There currently is no way to use a web cam with MSN on a Mac. There's iChat and Google which will use the cam, and you said you were able to do it with Yahoo, which means they have upgraded since the last time I tried to use it, but Microsoft still hasn't made a Mac chat client that will do video yet. The people that do Adium are working on a video chat plugin, but have said on their blog that Microsoft has kept the information on the web chatting closed, meaning they won't tell anyone how it works so that others can make programs that will do it.


----------



## guest053111 (Mar 20, 2010)

Ah alright thanks for the info least I know now. Thanks.


----------



## mfran028 (Apr 10, 2010)

there is also a site called tinychat.com it has nothing to do with mac but it is the simplest video chat site EVER. just create a username (everything is free) and then a chatroom name. anyone else that you want to be in your conversation just has to type in the same chatroom name on the home page and there you! it works all the around the world. this helped me a lot cause i was super annoyed that Mac MSN doesn't have video.
hope this is helpful! 
Godbless
~Missy~


----------



## sinclair_tm (Mar 11, 2005)

MSN now has a beta video client that you can find on their site.
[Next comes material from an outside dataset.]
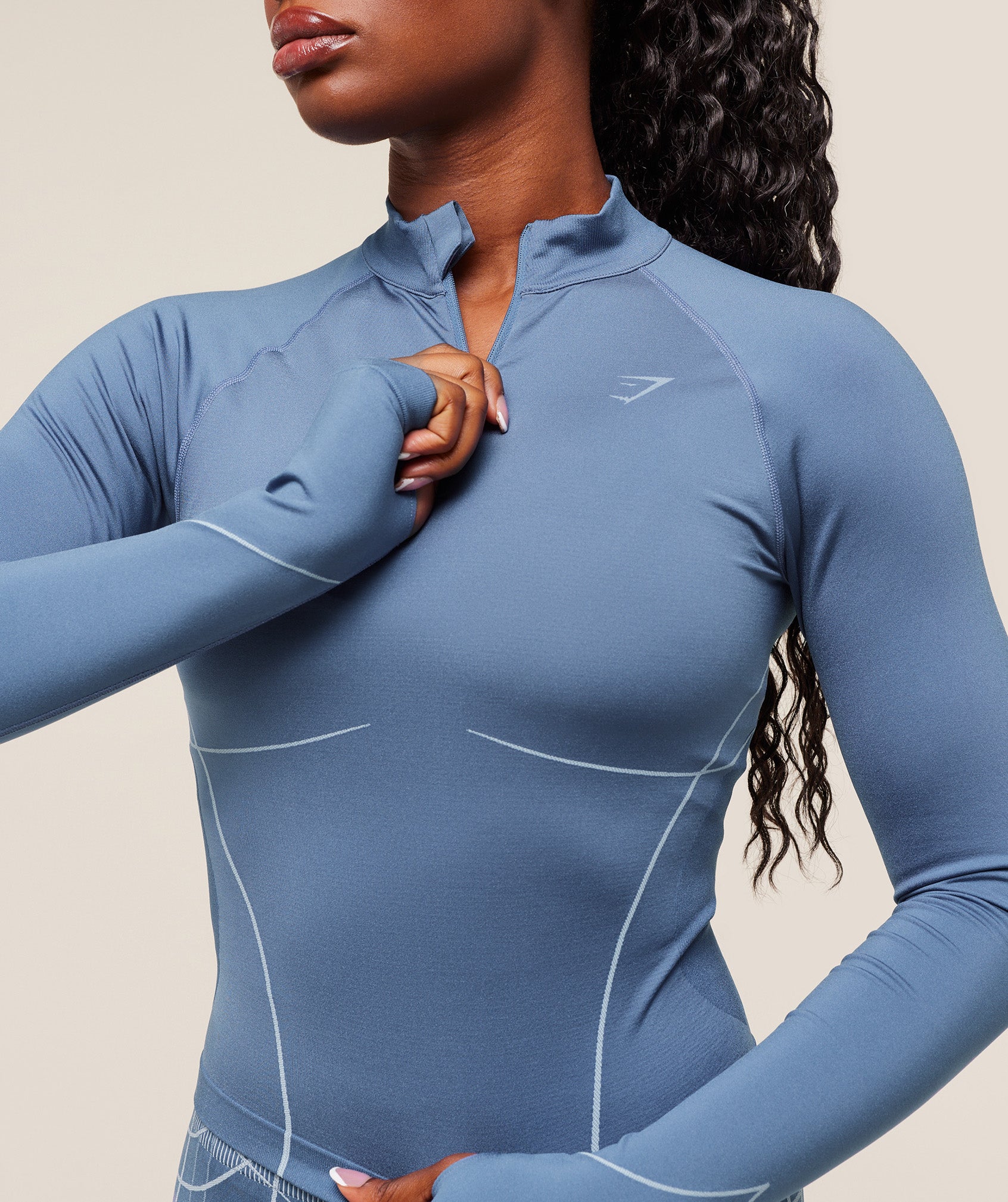 Gymshark Apex Seamless 1/4 Zip Pullover - Worn Blue/Gentle Blue - Image 4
I've used it once, and it seems to work alright. The only bad news it that the rumor is it'll only be a part of Office for Mac.


----------



## Old Rich (May 31, 2007)

Will skype video messenger work on a Mac?


----------



## sinclair_tm (Mar 11, 2005)

I don't know. I avoid skype for personal reasons, so have never even looked into it. Last I heard, there is a skype client for the Mac, so if I were you, I'd look at their site and see what it's features are.


----------



## guest053111 (Mar 20, 2010)

thanks.


----------



## guest053111 (Mar 20, 2010)

simpswr said:


> Will skype video messenger work on a Mac?


yes.


----------



## ComputerGenieUK (Apr 12, 2010)

Skype works very well on Mac as does iChat. The beta for Msn Messenger for Mac is much welcome with video and audio support but it's not up to the standard of Skype. 
Amsn is a fairly good free Msn client for mac and is also free.


----------



## Old Rich (May 31, 2007)

Thanks


----------